* [Data for the task]
-- Opening Marker --

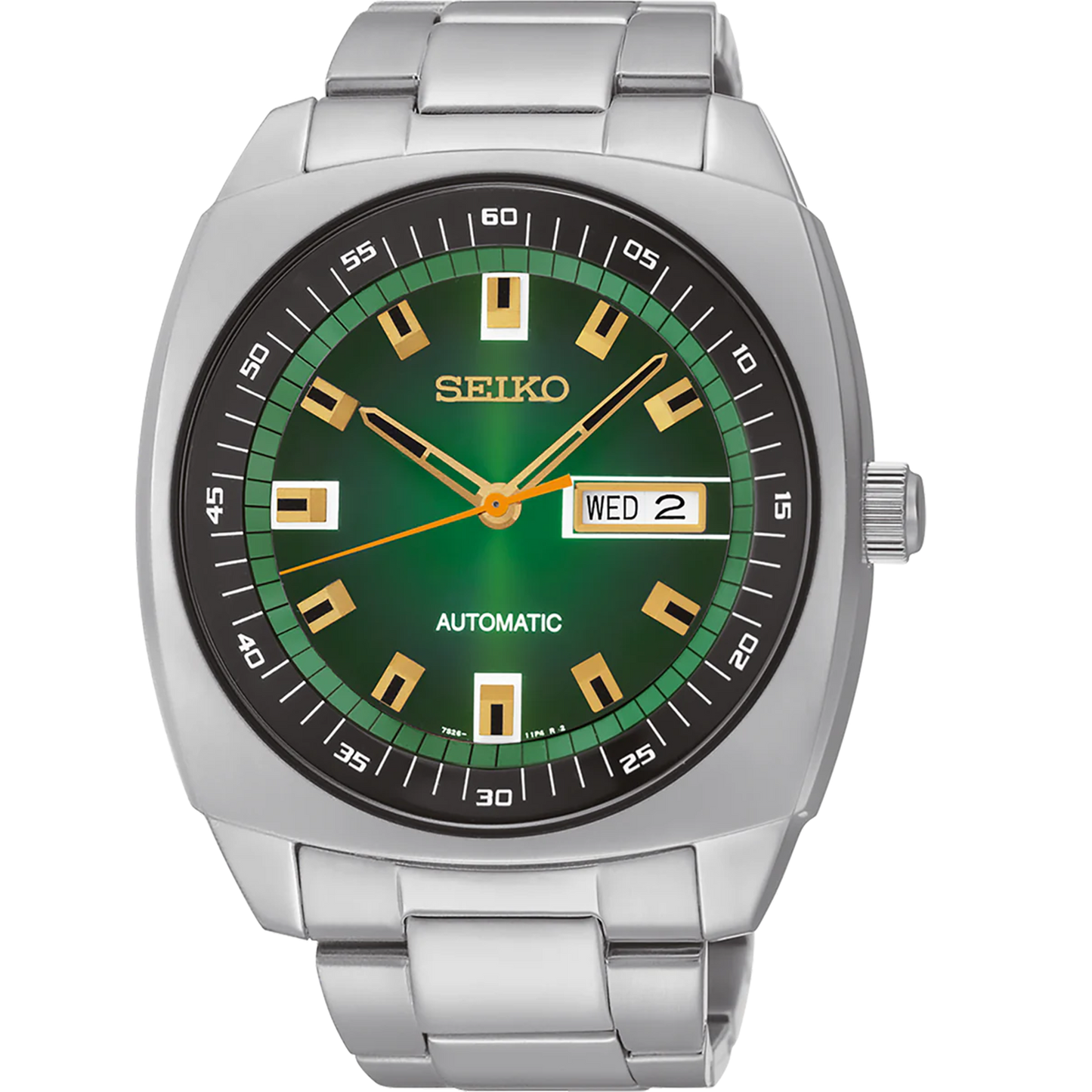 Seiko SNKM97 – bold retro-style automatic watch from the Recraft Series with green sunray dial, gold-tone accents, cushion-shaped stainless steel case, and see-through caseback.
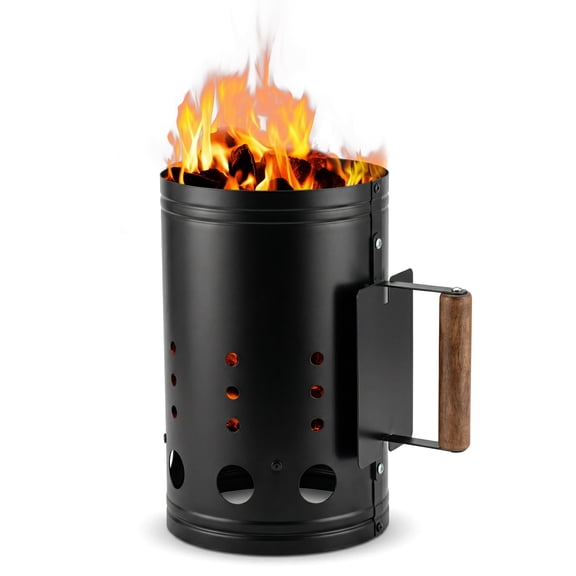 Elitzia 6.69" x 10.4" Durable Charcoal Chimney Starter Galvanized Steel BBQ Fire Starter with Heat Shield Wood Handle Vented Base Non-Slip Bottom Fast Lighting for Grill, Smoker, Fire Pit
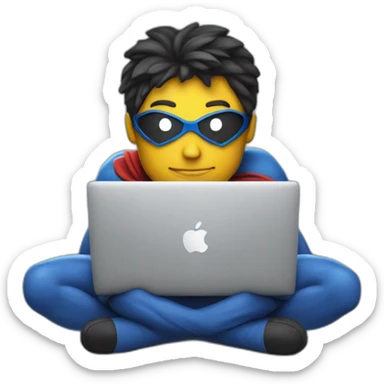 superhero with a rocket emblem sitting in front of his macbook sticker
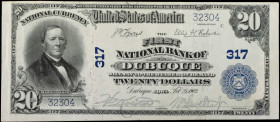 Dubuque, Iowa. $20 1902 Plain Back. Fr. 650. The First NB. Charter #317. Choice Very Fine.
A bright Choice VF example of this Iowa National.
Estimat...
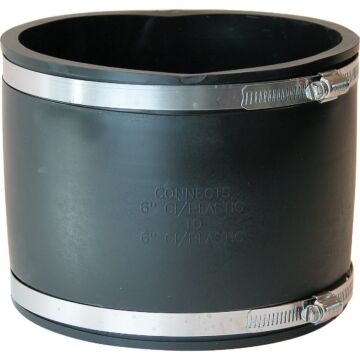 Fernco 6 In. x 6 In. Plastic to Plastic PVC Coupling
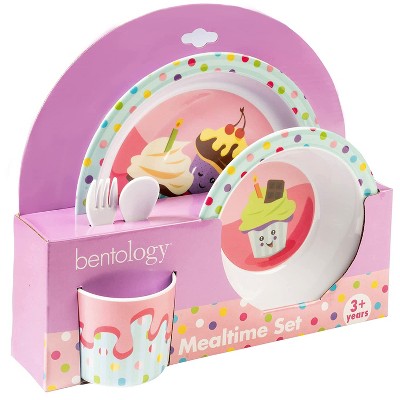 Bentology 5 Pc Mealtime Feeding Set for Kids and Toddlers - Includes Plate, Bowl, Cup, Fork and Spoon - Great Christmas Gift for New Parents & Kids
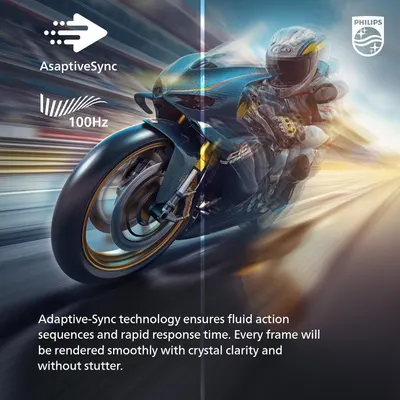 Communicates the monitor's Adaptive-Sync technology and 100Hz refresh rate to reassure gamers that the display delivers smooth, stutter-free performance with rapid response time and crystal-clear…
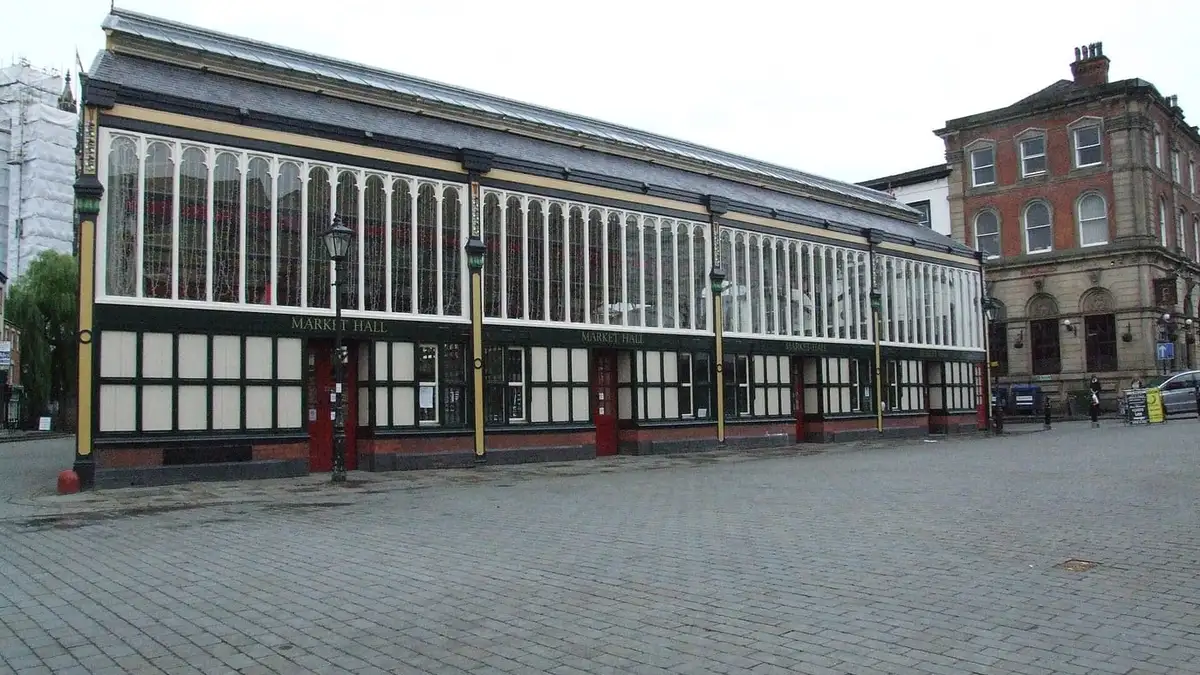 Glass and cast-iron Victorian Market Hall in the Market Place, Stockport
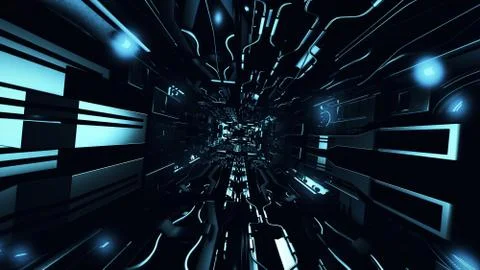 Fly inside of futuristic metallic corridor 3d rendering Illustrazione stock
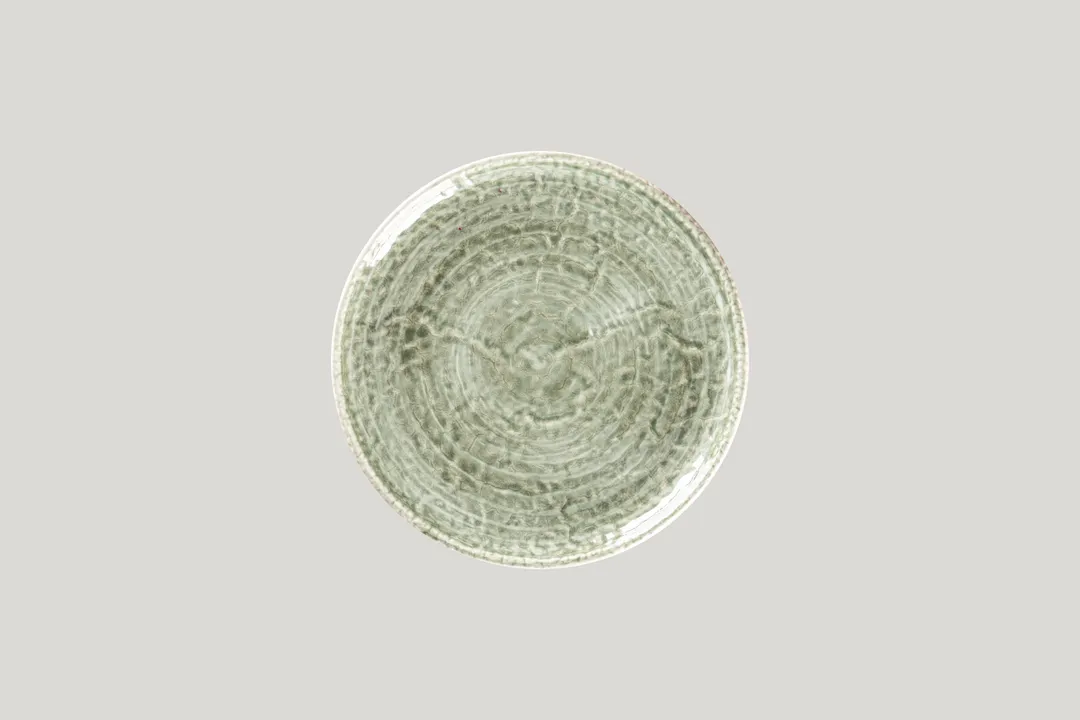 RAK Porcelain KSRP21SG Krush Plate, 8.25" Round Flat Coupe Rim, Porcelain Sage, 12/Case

-- Closing Marker --
-- Opening Marker --

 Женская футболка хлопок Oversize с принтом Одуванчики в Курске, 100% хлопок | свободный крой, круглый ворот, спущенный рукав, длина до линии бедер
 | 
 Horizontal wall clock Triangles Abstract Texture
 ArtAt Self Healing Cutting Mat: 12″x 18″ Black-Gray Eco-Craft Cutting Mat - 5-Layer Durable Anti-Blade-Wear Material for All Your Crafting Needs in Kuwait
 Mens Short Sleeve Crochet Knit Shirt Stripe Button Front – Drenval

-- Closing Marker --
-- Opening Marker --

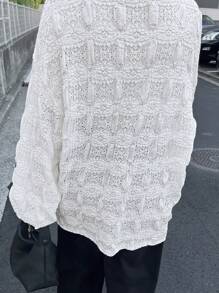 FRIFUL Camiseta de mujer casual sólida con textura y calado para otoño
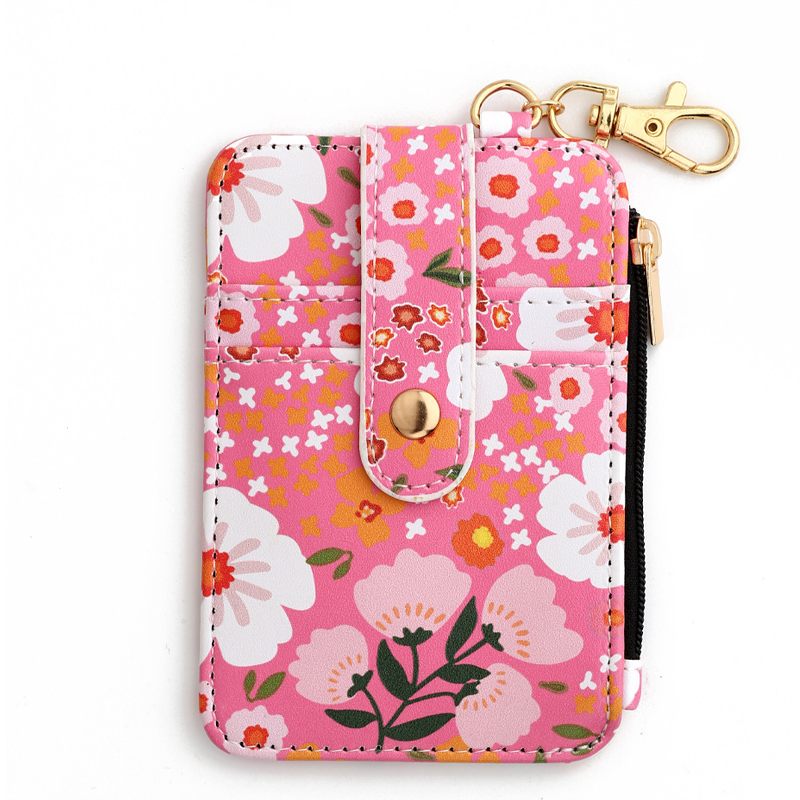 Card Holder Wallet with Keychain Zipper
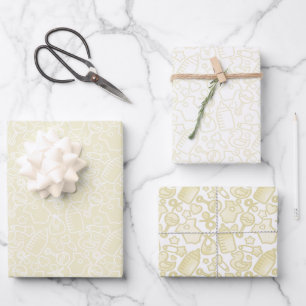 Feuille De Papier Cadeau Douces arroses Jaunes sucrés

-- Closing Marker --

* [Assignment] With the pictures omitted, copy exactly the lines of the listing above starting at the line containing "Seiko SNKM97 –" and ending at the line containing "RAK Porcelain KSRP21SG", both included.

* [Result for this exercise]
 Seiko SNKM97 – bold retro-style automatic watch from the Recraft Series with green sunray dial, gold-tone accents, cushion-shaped stainless steel case, and see-through caseback.
 Elitzia 6.69" x 10.4" Durable Charcoal Chimney Starter Galvanized Steel BBQ Fire Starter with Heat Shield Wood Handle Vented Base Non-Slip Bottom Fast Lighting for Grill, Smoker, Fire Pit
 superhero with a rocket emblem sitting in front of his macbook sticker
 Dubuque, Iowa. $20 1902 Plain Back. Fr. 650. The First NB. Charter #317. Choice Very Fine.
A bright Choice VF example of this Iowa National.
Estimat...
 Fernco 6 In. x 6 In. Plastic to Plastic PVC Coupling
 Bentology 5 Pc Mealtime Feeding Set for Kids and Toddlers - Includes Plate, Bowl, Cup, Fork and Spoon - Great Christmas Gift for New Parents & Kids
 Communicates the monitor's Adaptive-Sync technology and 100Hz refresh rate to reassure gamers that the display delivers smooth, stutter-free performance with rapid response time and crystal-clear…
 Glass and cast-iron Victorian Market Hall in the Market Place, Stockport
 Fly inside of futuristic metallic corridor 3d rendering Illustrazione stock
 RAK Porcelain KSRP21SG Krush Plate, 8.25" Round Flat Coupe Rim, Porcelain Sage, 12/Case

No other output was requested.